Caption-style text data
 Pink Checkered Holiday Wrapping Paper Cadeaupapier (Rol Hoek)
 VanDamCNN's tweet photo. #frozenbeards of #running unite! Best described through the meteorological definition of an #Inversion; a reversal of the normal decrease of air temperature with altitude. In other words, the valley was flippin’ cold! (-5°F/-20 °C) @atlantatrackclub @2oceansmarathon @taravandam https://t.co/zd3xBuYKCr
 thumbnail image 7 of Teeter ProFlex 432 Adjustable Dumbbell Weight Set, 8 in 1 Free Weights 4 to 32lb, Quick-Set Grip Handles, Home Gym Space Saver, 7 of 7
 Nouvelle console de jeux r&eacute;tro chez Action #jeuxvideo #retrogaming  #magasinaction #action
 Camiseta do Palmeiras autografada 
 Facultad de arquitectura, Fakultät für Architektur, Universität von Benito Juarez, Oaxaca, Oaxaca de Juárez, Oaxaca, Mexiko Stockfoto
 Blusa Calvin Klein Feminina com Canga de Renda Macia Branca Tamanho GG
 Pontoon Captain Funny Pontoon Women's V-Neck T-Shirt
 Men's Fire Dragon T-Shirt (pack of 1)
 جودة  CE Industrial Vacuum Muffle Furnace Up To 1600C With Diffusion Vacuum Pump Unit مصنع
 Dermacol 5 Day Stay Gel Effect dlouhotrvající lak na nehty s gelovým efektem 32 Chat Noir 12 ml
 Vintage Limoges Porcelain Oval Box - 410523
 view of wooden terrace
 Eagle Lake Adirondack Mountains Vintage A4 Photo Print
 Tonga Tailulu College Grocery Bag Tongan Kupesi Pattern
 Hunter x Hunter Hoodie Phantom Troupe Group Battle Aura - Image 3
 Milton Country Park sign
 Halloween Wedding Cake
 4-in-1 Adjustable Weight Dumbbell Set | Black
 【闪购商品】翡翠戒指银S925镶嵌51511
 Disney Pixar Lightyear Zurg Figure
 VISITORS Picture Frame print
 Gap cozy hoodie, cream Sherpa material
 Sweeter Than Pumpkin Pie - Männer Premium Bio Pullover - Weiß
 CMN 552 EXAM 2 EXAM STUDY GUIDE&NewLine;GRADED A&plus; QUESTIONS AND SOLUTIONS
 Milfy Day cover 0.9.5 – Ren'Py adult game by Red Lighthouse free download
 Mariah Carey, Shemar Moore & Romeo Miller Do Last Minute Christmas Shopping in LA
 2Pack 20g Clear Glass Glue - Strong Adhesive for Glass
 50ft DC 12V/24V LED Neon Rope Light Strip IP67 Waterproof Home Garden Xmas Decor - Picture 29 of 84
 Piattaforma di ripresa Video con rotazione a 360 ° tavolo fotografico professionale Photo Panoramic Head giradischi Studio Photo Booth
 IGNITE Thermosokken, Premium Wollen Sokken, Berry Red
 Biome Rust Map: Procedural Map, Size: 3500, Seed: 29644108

The task
The line containing "Pump Unit مصنع" marks the end. Please print exactly every line from the top of the data to it, both included, and nothing more.

Answer for this exercise
 Pink Checkered Holiday Wrapping Paper Cadeaupapier (Rol Hoek)
 VanDamCNN's tweet photo. #frozenbeards of #running unite! Best described through the meteorological definition of an #Inversion; a reversal of the normal decrease of air temperature with altitude. In other words, the valley was flippin’ cold! (-5°F/-20 °C) @atlantatrackclub @2oceansmarathon @taravandam https://t.co/zd3xBuYKCr
 thumbnail image 7 of Teeter ProFlex 432 Adjustable Dumbbell Weight Set, 8 in 1 Free Weights 4 to 32lb, Quick-Set Grip Handles, Home Gym Space Saver, 7 of 7
 Nouvelle console de jeux r&eacute;tro chez Action #jeuxvideo #retrogaming  #magasinaction #action
 Camiseta do Palmeiras autografada 
 Facultad de arquitectura, Fakultät für Architektur, Universität von Benito Juarez, Oaxaca, Oaxaca de Juárez, Oaxaca, Mexiko Stockfoto
 Blusa Calvin Klein Feminina com Canga de Renda Macia Branca Tamanho GG
 Pontoon Captain Funny Pontoon Women's V-Neck T-Shirt
 Men's Fire Dragon T-Shirt (pack of 1)
 جودة  CE Industrial Vacuum Muffle Furnace Up To 1600C With Diffusion Vacuum Pump Unit مصنع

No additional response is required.